Calpine blamed its 12-cent quarterly loss on unusual charges, stemming primarily from equipment repairs and unfavorable foreign currency rates. The company indicated that it should otherwise meet Wall Street expectations for first-quarter operating profits of 4 cents a share and full-year earnings of 41 cents a share. But the delay in financial results -- and the potential jeopardy to crucial bank deals -- took a toll on investors who were already nervously waiting for Calpine to restate three years' worth of newly audited financial statements. Calpine shares, which had rallied past $5 in recent days, tumbled 10% to $4.95 in heavy trading Tuesday.


Kinder Morgan and its MLP took noticeably smaller hits, despite clear concern that the informal SEC probe may prove serious. The two companies, founded by former Enron executive Richard Kinder, are being examined for their handling of a pipeline acquisition more than a year ago.

Kinder told investors that he received notice late Friday that the SEC wants additional information about $155 million worth of goodwill that was booked by the MLP after its $886 million acquisition of Tejas Gas from a joint venture involving Royal Dutch/Shell. Kinder said he believes the company acted properly by following the guidance provided by an independent appraiser and blessed by its own internal auditors. But he also stressed that, even if the SEC orders a change -- converting the goodwill to assets that must be depreciated -- MLP earnings would drop by less than 2 cents a share annually while cash payouts to unit holders wouldn't be hurt at all. Kinder Morgan, which takes a big cut of the MLP's free cash flow, would be affected even less, he added.

"We do not believe an examination of this issue will result in a material change to our financial statements," Kinder said in a prepared statement late Monday. "However, we feel it is important to advise investors that an informal investigation has begun because we are committed to the principles of open disclosure."

During a conference call that followed Monday's announcement, several analysts questioned why the SEC would even bother focusing on such a minor matter. One analyst called the investigation "odd," while another came right out and asked whether the SEC "is wasting our taxpayer dollars" on an issue that, at most, would change a company's earnings by only a penny or two a share.


But some analysts, including vocal critics of Kinder Morgan, feel bigger problems brewing. In a research note issued Tuesday morning, Prudential analyst Carol Coale warned that federal investigators may broaden their narrow focus on the Tejas Gas acquisition into a sweeping probe of the entire MLP industry.

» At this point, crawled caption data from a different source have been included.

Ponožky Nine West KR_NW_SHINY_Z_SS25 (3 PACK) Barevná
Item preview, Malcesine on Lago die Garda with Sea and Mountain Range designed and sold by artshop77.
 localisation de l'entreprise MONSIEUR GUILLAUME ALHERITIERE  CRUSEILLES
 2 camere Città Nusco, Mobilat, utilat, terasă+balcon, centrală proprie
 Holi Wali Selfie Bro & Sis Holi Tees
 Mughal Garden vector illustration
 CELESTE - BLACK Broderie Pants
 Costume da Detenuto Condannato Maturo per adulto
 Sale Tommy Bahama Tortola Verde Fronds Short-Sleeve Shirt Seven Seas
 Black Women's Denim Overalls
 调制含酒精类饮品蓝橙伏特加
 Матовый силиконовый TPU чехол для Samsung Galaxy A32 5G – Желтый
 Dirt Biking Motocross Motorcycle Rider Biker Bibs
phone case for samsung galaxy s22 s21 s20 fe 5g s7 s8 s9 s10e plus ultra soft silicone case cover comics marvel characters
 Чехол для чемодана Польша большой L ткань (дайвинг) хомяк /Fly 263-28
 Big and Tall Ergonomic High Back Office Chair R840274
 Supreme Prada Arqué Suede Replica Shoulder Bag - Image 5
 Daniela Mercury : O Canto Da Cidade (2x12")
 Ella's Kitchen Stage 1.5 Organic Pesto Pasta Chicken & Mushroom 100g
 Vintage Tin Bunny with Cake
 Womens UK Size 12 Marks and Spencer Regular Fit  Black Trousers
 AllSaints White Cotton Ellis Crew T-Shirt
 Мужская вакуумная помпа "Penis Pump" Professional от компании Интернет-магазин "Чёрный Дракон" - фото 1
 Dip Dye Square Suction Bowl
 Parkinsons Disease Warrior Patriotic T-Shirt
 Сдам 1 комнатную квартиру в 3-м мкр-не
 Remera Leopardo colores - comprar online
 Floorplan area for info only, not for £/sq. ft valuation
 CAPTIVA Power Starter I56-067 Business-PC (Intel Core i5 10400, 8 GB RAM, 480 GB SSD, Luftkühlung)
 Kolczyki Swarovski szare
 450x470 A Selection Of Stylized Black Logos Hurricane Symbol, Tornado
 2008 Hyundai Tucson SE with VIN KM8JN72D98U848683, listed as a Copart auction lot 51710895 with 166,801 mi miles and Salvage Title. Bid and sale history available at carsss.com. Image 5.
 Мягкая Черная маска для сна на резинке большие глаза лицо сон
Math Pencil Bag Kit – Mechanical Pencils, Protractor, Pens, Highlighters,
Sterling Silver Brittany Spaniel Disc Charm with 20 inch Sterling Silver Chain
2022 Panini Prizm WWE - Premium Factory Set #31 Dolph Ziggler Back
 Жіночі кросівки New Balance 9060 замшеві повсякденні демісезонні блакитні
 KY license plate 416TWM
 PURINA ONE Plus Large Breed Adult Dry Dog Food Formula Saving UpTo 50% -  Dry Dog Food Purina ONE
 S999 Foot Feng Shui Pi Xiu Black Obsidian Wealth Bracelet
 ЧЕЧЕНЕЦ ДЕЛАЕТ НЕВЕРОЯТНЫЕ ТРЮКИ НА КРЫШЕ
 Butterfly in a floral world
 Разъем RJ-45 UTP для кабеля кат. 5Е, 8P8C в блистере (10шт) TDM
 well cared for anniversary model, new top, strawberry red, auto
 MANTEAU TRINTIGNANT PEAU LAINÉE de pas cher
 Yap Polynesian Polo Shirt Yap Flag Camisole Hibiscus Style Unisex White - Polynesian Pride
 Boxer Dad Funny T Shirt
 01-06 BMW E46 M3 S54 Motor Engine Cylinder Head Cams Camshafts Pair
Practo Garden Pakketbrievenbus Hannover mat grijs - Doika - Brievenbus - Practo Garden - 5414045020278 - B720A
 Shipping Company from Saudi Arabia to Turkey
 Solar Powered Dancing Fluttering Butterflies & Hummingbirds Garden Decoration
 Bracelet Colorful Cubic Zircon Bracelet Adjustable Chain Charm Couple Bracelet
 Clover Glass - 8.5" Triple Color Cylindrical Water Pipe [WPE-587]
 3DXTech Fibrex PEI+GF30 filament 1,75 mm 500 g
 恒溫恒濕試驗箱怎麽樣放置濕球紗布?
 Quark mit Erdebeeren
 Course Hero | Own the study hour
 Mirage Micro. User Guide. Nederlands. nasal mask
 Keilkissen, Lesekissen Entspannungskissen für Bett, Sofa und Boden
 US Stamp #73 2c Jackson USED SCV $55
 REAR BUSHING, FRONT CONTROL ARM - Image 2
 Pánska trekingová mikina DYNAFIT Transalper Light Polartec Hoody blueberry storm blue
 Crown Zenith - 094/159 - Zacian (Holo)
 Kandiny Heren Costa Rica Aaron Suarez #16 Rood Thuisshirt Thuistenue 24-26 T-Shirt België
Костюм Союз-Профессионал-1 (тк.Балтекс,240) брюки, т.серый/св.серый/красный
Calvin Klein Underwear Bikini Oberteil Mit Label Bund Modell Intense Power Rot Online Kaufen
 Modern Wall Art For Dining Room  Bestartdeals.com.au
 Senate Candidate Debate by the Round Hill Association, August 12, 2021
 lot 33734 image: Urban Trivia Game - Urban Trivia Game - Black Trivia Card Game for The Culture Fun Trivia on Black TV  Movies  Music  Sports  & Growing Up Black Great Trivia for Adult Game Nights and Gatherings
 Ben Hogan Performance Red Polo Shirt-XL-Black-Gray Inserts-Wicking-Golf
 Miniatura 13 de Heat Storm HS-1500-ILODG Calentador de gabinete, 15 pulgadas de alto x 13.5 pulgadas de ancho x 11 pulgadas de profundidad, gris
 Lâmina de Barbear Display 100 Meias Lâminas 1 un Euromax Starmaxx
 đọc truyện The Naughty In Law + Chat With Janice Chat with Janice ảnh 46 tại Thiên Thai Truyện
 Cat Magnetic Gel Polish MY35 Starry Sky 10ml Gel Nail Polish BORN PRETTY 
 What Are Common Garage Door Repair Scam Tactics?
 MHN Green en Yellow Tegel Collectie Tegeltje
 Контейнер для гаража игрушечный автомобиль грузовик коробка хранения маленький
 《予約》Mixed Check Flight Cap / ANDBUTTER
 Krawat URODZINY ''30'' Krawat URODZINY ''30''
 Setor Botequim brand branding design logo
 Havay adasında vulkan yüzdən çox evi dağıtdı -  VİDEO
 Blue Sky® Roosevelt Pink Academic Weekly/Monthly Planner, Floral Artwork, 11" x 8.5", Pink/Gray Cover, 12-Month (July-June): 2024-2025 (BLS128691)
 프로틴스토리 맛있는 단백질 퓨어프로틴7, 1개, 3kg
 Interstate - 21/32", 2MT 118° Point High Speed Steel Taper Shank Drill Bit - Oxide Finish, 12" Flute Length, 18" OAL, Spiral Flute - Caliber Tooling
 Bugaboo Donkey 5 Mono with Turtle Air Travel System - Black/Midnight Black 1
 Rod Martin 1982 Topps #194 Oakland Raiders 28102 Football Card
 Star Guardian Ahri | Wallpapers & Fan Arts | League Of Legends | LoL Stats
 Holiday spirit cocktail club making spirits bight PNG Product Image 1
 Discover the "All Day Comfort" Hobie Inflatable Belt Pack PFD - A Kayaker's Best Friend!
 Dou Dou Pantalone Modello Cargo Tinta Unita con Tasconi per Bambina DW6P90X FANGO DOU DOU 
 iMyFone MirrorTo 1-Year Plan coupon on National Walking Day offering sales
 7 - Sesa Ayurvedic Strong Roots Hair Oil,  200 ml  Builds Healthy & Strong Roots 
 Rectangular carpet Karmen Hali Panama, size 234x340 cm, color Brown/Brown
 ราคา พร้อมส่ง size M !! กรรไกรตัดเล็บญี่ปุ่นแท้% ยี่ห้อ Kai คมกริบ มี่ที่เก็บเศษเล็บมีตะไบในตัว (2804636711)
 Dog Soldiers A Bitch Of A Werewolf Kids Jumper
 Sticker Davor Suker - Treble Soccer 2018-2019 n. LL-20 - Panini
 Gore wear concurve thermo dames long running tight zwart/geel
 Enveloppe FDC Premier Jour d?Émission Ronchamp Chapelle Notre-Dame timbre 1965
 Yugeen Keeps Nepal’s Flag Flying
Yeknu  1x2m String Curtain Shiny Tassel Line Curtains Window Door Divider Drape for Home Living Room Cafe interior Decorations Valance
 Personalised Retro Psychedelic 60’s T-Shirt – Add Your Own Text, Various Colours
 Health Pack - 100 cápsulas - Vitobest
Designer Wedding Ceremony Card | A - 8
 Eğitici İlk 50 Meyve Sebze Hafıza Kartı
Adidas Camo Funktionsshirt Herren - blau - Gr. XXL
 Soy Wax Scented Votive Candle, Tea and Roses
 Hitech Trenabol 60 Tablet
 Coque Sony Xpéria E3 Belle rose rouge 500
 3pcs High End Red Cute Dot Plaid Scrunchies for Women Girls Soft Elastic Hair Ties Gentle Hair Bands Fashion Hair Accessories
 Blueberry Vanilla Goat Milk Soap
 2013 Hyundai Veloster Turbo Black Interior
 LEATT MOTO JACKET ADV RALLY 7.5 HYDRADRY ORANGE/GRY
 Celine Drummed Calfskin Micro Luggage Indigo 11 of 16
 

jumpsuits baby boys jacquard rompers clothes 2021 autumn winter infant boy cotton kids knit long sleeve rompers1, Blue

"Given the seeming immateriality of the goodwill expense to KMP's income statement, it leads us to think that this investigation has potential to extend in scope and materiality," wrote Coale, who began raising concerns about MLPs last year. "If the SEC were to initiate a broad challenge on standards for goodwill accounting and energy-related acquisitions, we believe MLPs' attraction as a future investment would be seriously hindered."

Coale went on to indicate that Kinder Morgan Energy Partners, with its unusually high goodwill-to-assets ratio, could get hit particularly hard. Up to now, the partnership -- and indeed the entire MLP sector -- has flourished throughout a downturn in the overall energy market.

Kurt Wulff, a veteran energy analyst who has been particularly critical of Kinder Morgan, expressed hope that the new SEC probe would indeed expand and bring sweeping change to the MLP industry.

"I see a need for more realistic accounting," said Wulff, who began telling clients to sell both Kinder Morgan and its MLP well over a year ago. "If the SEC presses in that direction, we ought to see billion-dollar earnings restatements."

Following news of the SEC inquiry, Kinder Morgan Energy Partners tumbled 3.5% to $37.81. Shares of Kinder Morgan also suffered, falling 1.7% to $46.82.

The news hit at least one other MLP as well. El Paso Energy Partners ( EPN) slid into the red despite a strong earnings report on Tuesday. The partnership -- which will soon change its name to GulfTerra Energy in an ongoing effort to distance itself from troubled El Paso ( EP) -- more than doubled its first-quarter profits to $42.2 million, or 17 cents a share. Nevertheless, it fell 1.8% to $34.10 after the Kinder Morgan news.

El Paso -- which profits from the partnership's successes -- was also down, slipping 2.7% to $7.32 halfway through the session.